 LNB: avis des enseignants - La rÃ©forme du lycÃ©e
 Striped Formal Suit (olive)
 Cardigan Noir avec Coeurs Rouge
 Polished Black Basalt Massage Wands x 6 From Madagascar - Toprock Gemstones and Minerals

Aim of the task ▸ Print every line of the listing shown above, exactly.

Expected output ▸
 LNB: avis des enseignants - La rÃ©forme du lycÃ©e
 Striped Formal Suit (olive)
 Cardigan Noir avec Coeurs Rouge
 Polished Black Basalt Massage Wands x 6 From Madagascar - Toprock Gemstones and Minerals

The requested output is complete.